> **Brief**
Reproduce the full listing below unchanged, apart from the pictures.

> **Extracted material**

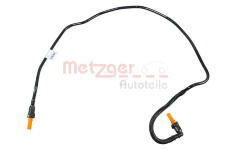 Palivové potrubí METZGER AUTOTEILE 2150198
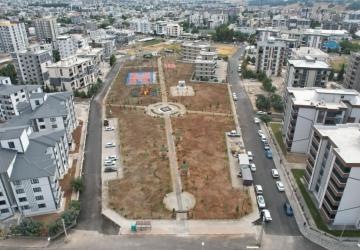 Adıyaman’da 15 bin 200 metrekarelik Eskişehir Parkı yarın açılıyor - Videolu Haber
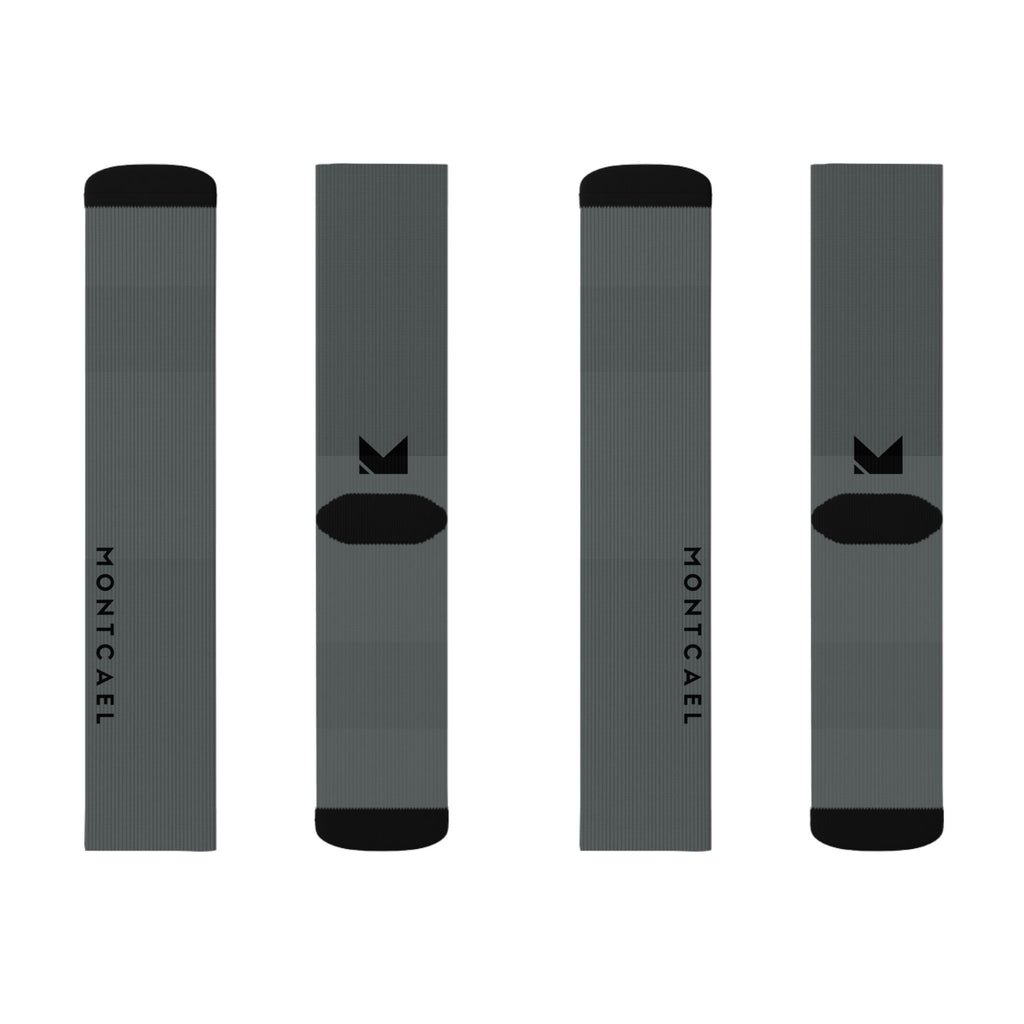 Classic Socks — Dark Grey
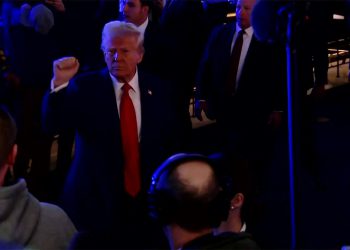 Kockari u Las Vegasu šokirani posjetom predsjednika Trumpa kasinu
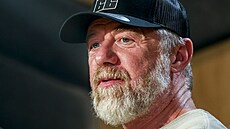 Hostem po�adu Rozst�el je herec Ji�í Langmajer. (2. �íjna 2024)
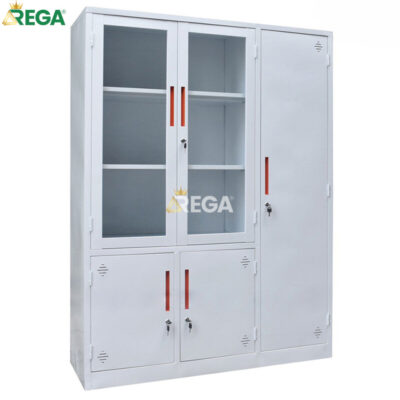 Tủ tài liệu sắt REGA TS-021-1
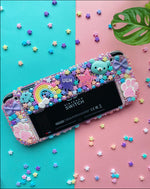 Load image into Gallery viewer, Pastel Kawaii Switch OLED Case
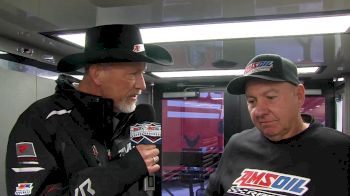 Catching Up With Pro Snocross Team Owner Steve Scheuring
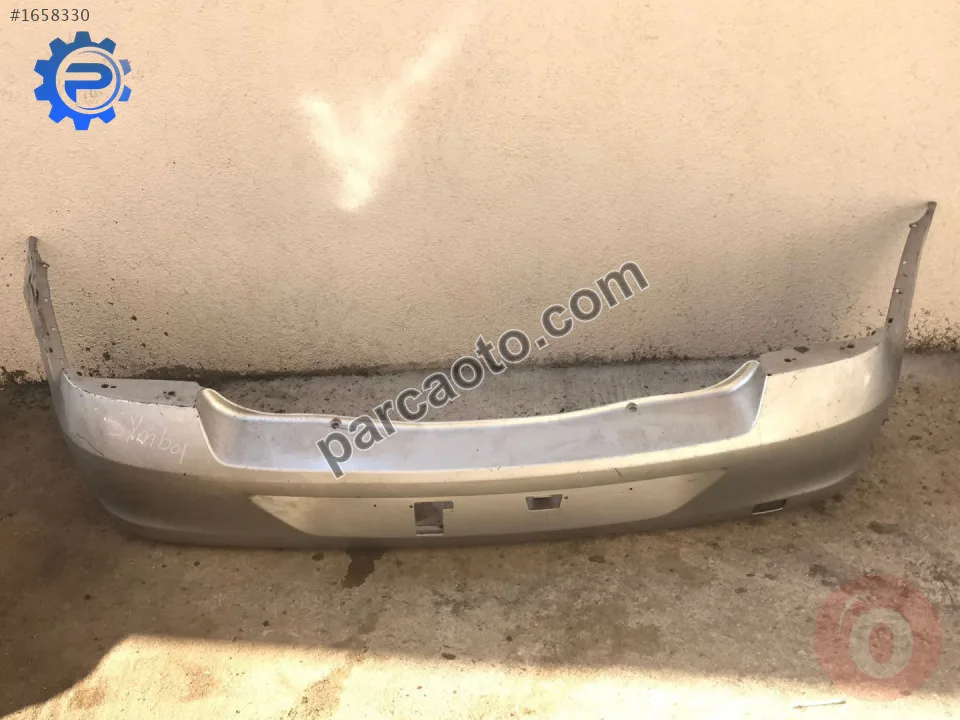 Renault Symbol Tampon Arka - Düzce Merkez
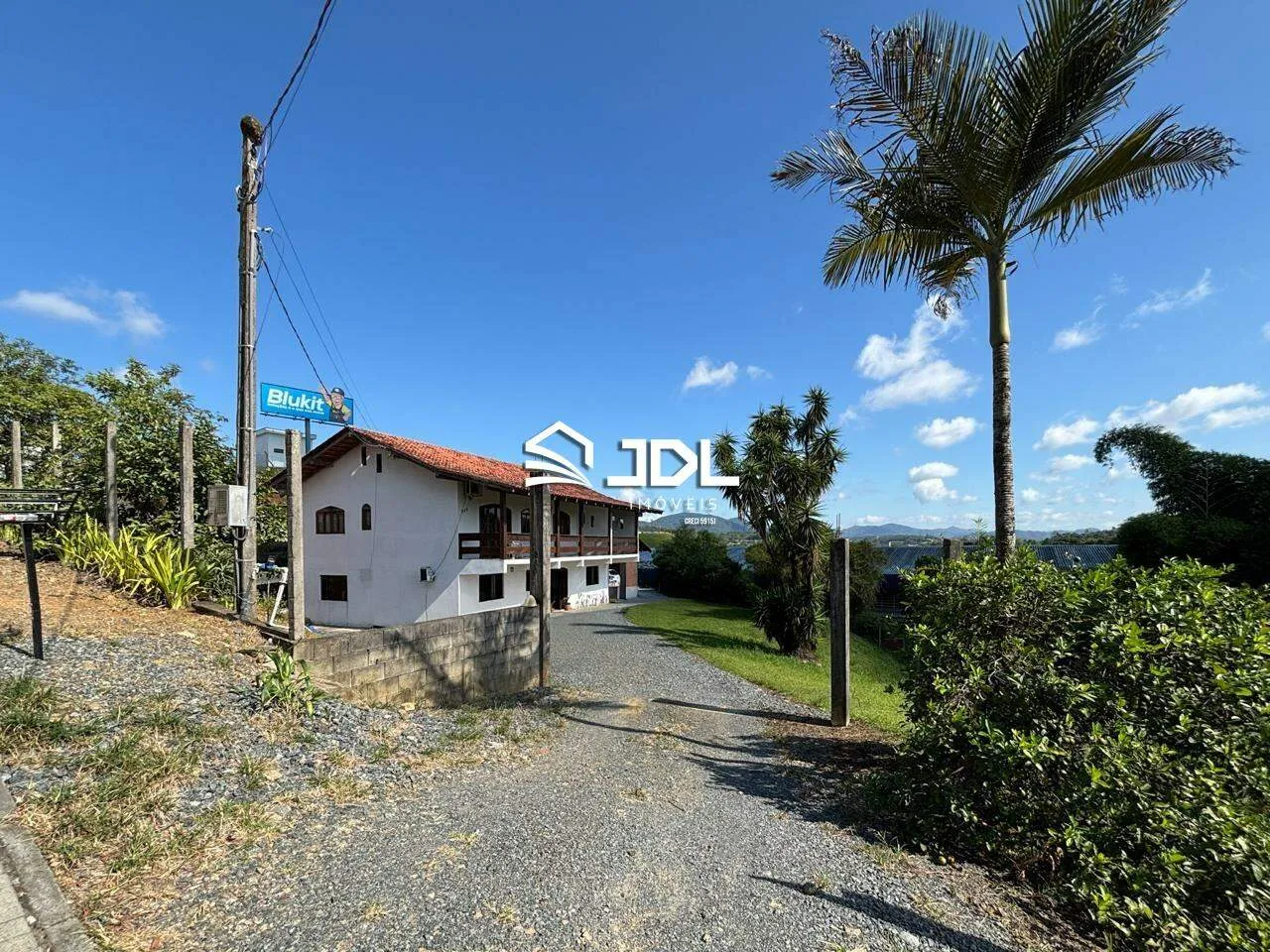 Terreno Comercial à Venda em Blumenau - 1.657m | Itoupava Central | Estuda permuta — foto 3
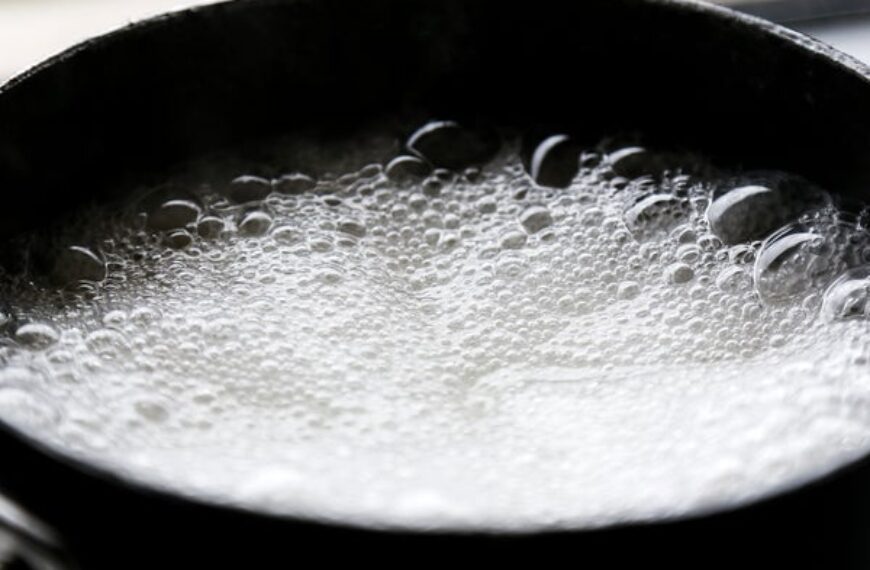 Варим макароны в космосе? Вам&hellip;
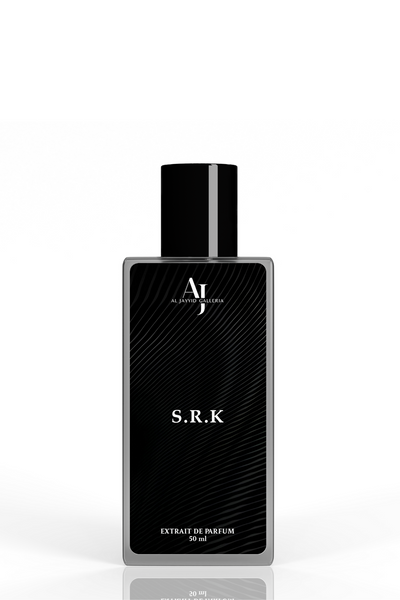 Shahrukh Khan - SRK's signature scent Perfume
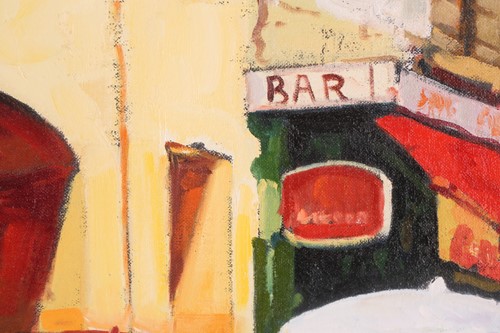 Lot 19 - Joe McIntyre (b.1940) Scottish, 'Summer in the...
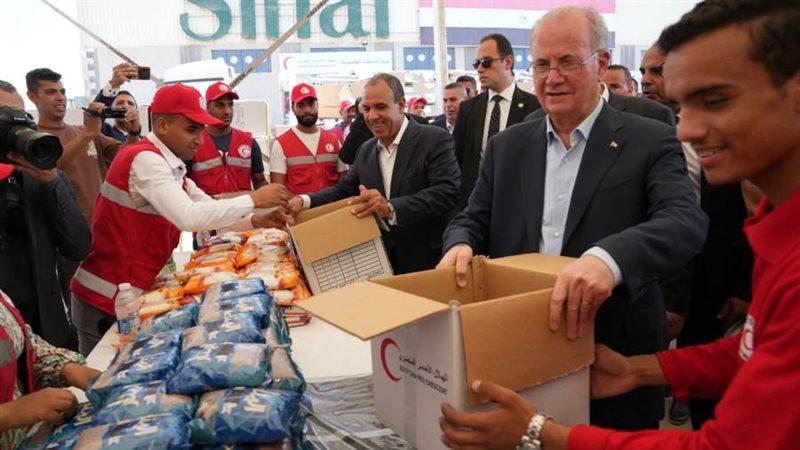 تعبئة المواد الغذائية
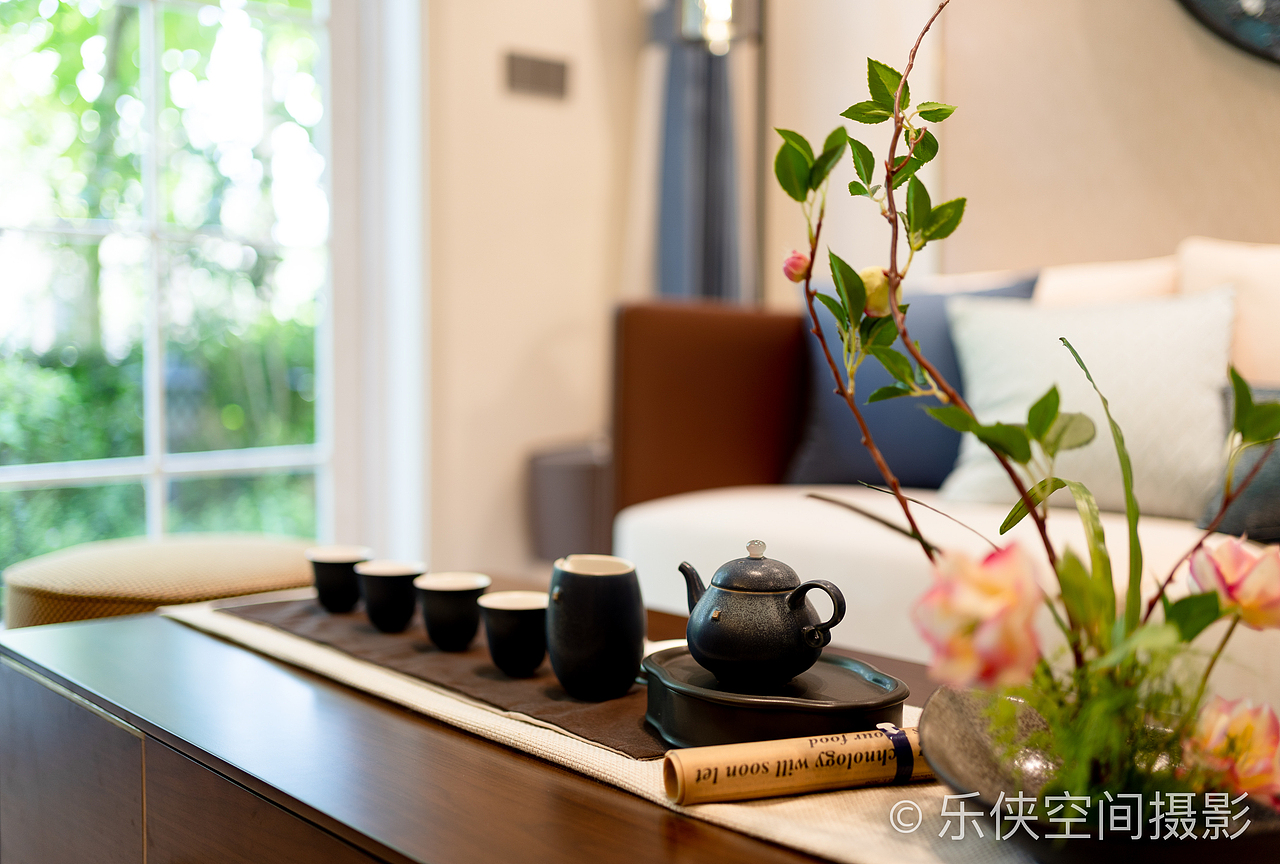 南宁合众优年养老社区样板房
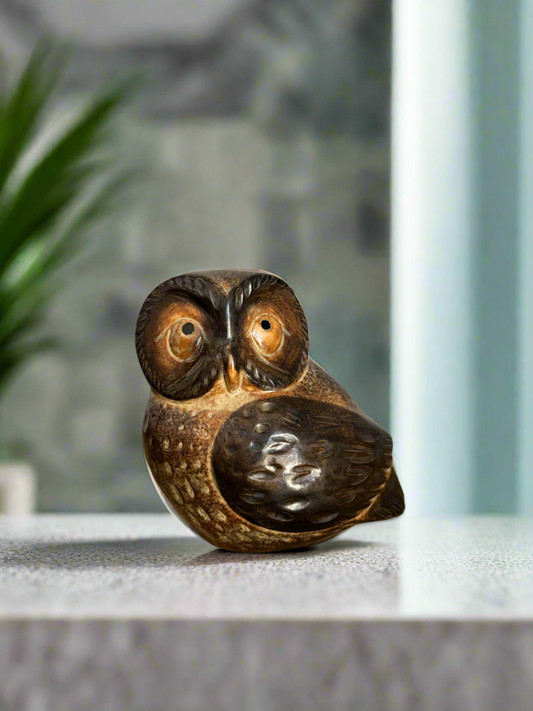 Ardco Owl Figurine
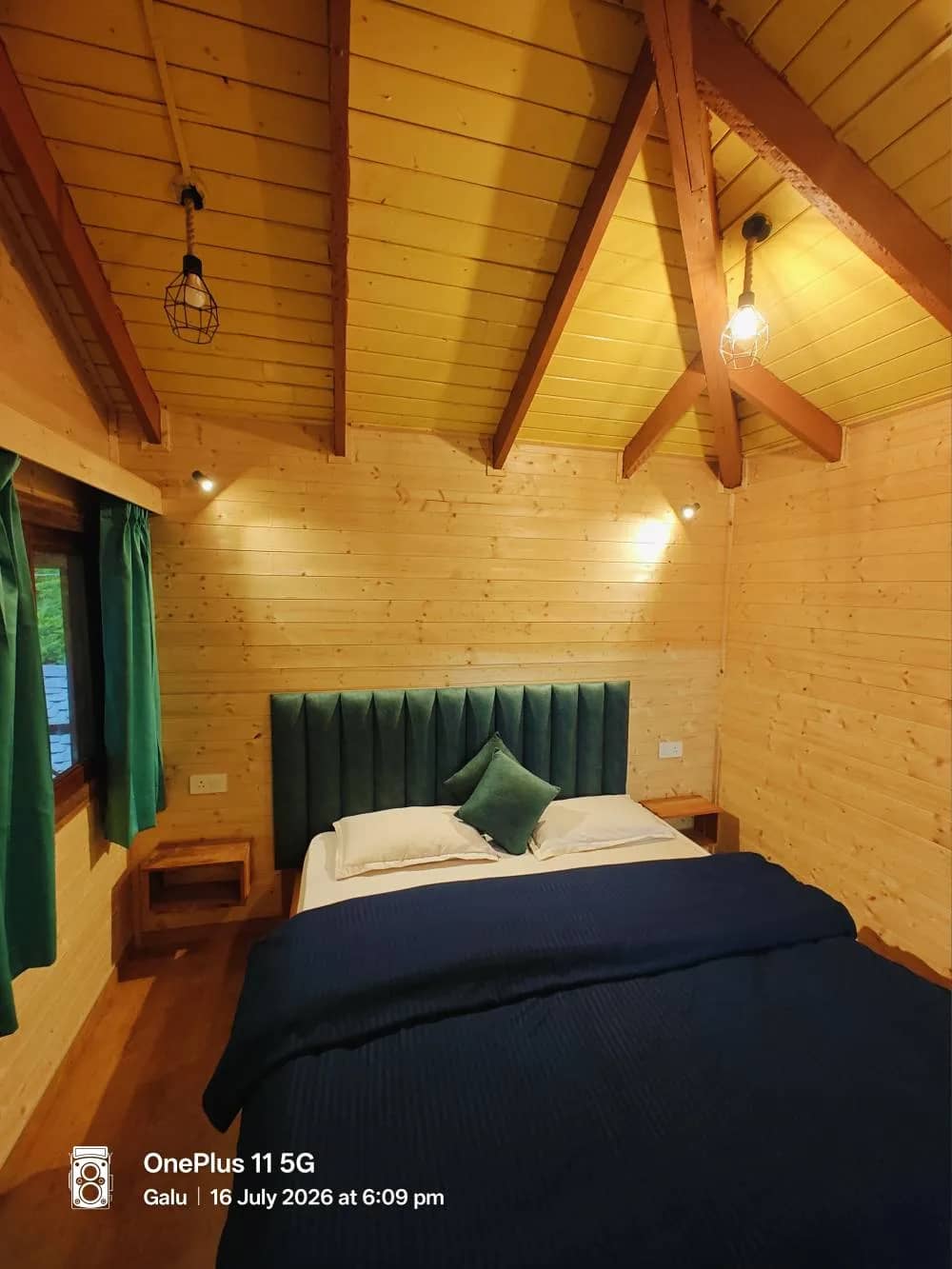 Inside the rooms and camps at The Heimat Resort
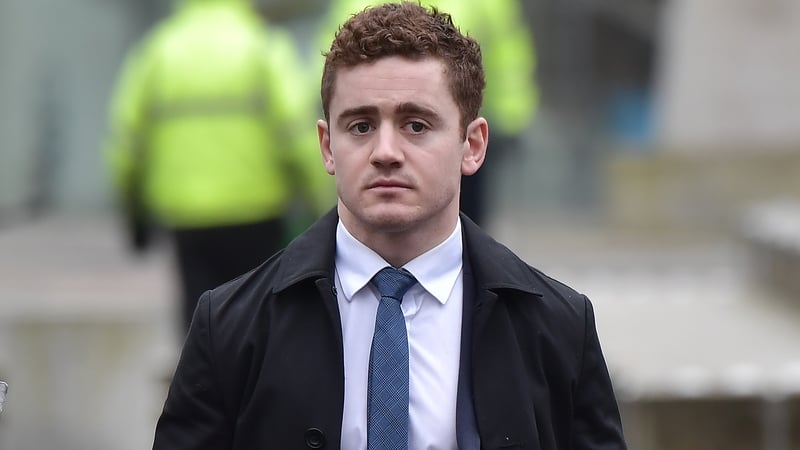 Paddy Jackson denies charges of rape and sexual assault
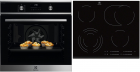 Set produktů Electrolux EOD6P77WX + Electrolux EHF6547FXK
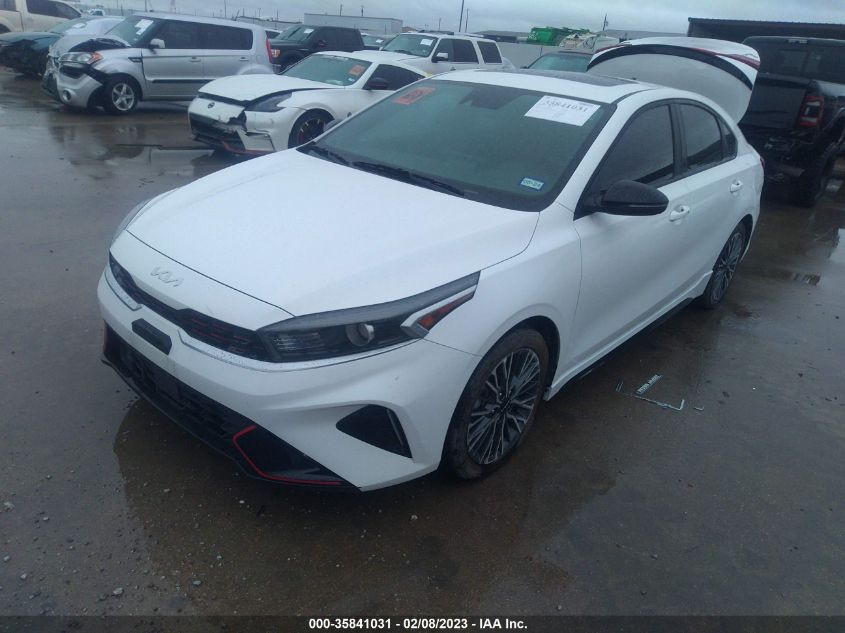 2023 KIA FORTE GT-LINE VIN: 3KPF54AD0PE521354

> **Result of this task**
 Palivové potrubí METZGER AUTOTEILE 2150198
 Adıyaman’da 15 bin 200 metrekarelik Eskişehir Parkı yarın açılıyor - Videolu Haber
 Classic Socks — Dark Grey
 Kockari u Las Vegasu šokirani posjetom predsjednika Trumpa kasinu
 Hostem po�adu Rozst�el je herec Ji�í Langmajer. (2. �íjna 2024)
 Tủ tài liệu sắt REGA TS-021-1
 Load image into Gallery viewer, Pastel Kawaii Switch OLED Case
 Catching Up With Pro Snocross Team Owner Steve Scheuring
 Renault Symbol Tampon Arka - Düzce Merkez
 Terreno Comercial à Venda em Blumenau - 1.657m | Itoupava Central | Estuda permuta — foto 3
 Варим макароны в космосе? Вам&hellip;
 Shahrukh Khan - SRK's signature scent Perfume
 Lot 19 - Joe McIntyre (b.1940) Scottish, 'Summer in the...
 تعبئة المواد الغذائية
 南宁合众优年养老社区样板房
 Ardco Owl Figurine
 Inside the rooms and camps at The Heimat Resort
 Paddy Jackson denies charges of rape and sexual assault
 Set produktů Electrolux EOD6P77WX + Electrolux EHF6547FXK
 2023 KIA FORTE GT-LINE VIN: 3KPF54AD0PE521354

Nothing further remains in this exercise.